Certains sommets font partie des légendes discrètes de la montagne. La Pointe de Talamarche, elle, ne prétend pas à la vedette, mais glisse à qui veut bien la gravir un parfum très particulier : celui de l’altitude accessible, des crêtes aérées et des matins clairs au-dessus du lac d’Annecy. J’y repense en écoutant le silence de Saint-Nectaire : souvent, c’est quand je quitte l’Auvergne (jamais longtemps) que j’en goûte plus fort la poésie, à travers d’autres reliefs. Voici tout ce qu’il faut savoir pour s’offrir une randonnée magnifique, qui piquera la curiosité de tout amateur de montagnes et de balades panoramiques – avec quelques conseils glanés sur le terrain.

Pourquoi la Pointe de Talamarche ? Une randonnée coup de cœur des Bornes

Quand on arpente les sentiers de Haute-Savoie, le massif des Bornes propose mille détours, mais rares sont les randonnées qui rassemblent, en moins d’une journée, tant de paysages : forêt de hêtres et d’épicéas, alpages ouverts où résonnent les clarines, passage rocheux à la fraîche, puis un sommet dégagé surplombant le vaste lac d’Annecy. Tout au long, une promesse : du panorama sans la cohue. La Pointe de Talamarche a ce pouvoir de contenter à la fois les amoureux de nature brute et les amateurs de vues spectaculaires sur le Mont-Blanc et les Aravis, sans jamais sombrer dans la foule estivale des classiques alpins.

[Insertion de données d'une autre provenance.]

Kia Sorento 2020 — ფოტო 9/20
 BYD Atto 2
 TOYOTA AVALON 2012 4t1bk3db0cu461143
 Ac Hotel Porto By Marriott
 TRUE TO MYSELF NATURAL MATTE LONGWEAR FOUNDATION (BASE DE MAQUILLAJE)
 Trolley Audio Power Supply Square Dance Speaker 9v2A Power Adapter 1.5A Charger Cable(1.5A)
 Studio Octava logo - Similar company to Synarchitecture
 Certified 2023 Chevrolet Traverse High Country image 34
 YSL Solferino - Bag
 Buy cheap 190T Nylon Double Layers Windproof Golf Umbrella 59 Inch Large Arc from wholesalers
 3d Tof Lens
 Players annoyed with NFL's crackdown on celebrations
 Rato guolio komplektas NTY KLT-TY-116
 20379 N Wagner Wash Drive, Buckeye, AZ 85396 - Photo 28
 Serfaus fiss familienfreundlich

Pour moi, c’est le genre d’itinéraire où l’on part encore fraîchement du parking, le sac léger, croisant quelques vaches endormies… Et puis tout change : la lumière s’étale sur le bleu du lac, le vent traverse la crête, et on se retrouve, une tartine de reblochon en main, à contempler la diagonale des montagnes savoyardes. Un bonheur simple, accessible – pour qui prépare un tant soit peu son itinéraire.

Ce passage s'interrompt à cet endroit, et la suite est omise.